Pictures stay out of this copy, which runs from the first line of the material through the line containing "Dos heridos deja".

┌────────

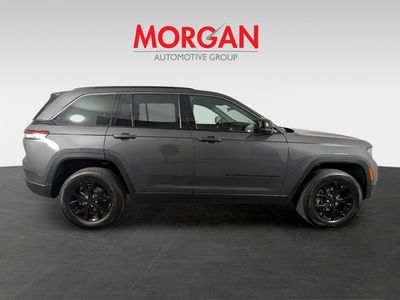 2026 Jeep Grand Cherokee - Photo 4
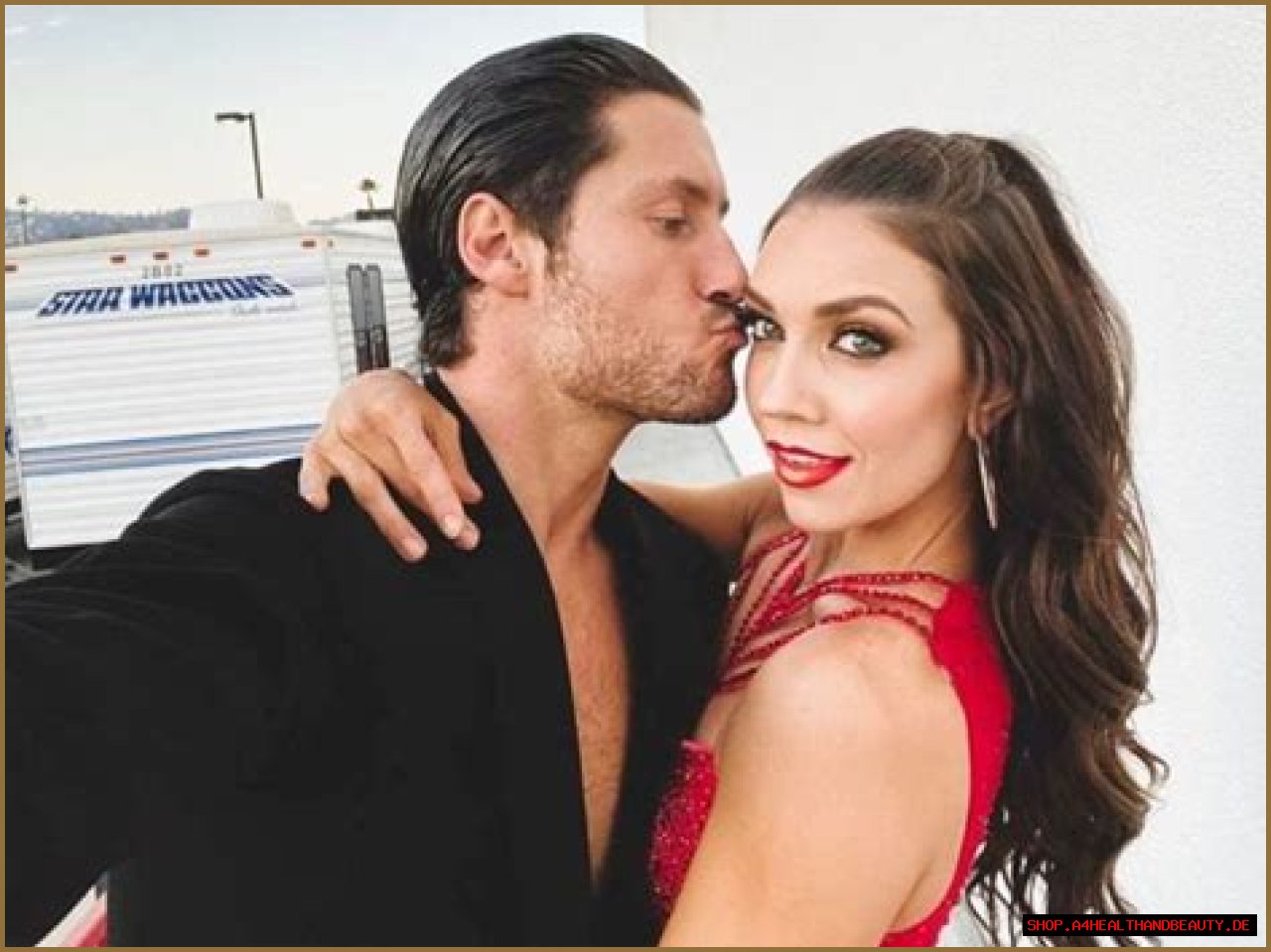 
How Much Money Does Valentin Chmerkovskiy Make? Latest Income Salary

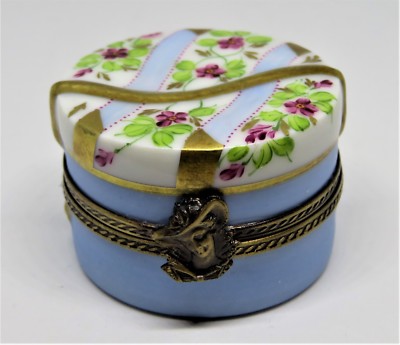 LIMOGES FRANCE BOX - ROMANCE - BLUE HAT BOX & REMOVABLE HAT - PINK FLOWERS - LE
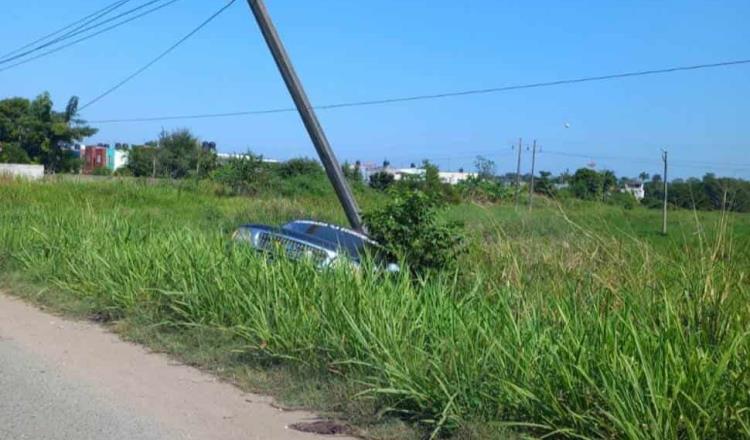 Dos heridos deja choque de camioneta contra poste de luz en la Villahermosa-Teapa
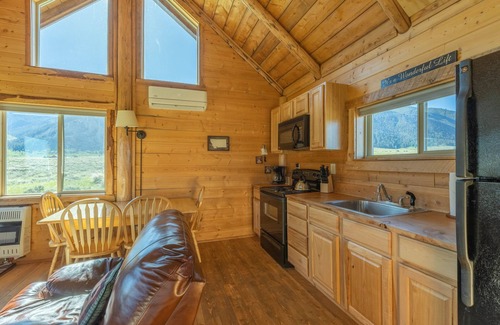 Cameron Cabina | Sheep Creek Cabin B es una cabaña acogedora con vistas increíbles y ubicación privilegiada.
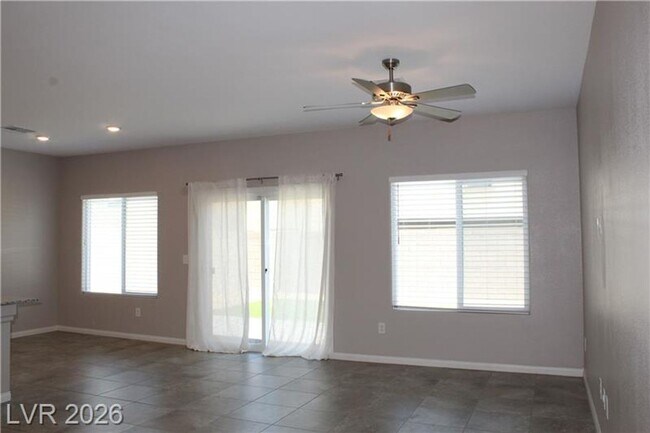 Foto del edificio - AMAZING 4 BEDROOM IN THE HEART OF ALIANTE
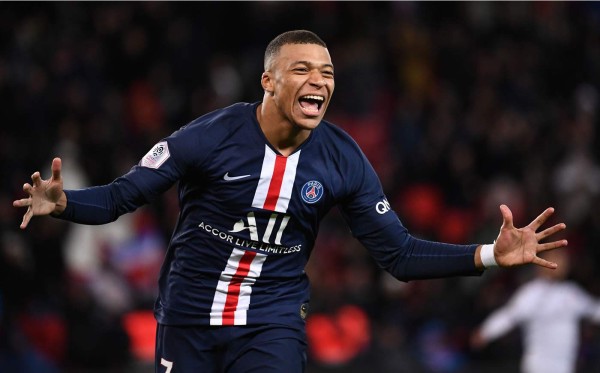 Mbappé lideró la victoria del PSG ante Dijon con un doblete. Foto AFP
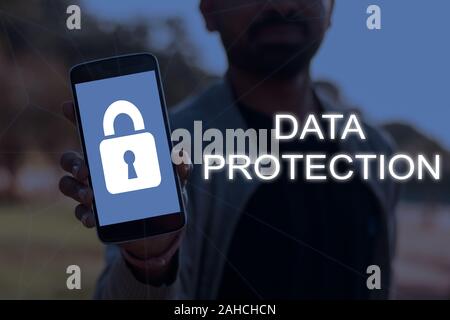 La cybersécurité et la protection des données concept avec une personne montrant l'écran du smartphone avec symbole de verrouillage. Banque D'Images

└────────

## The completed task
 2026 Jeep Grand Cherokee - Photo 4
How Much Money Does Valentin Chmerkovskiy Make? Latest Income Salary

 LIMOGES FRANCE BOX - ROMANCE - BLUE HAT BOX & REMOVABLE HAT - PINK FLOWERS - LE
 Dos heridos deja choque de camioneta contra poste de luz en la Villahermosa-Teapa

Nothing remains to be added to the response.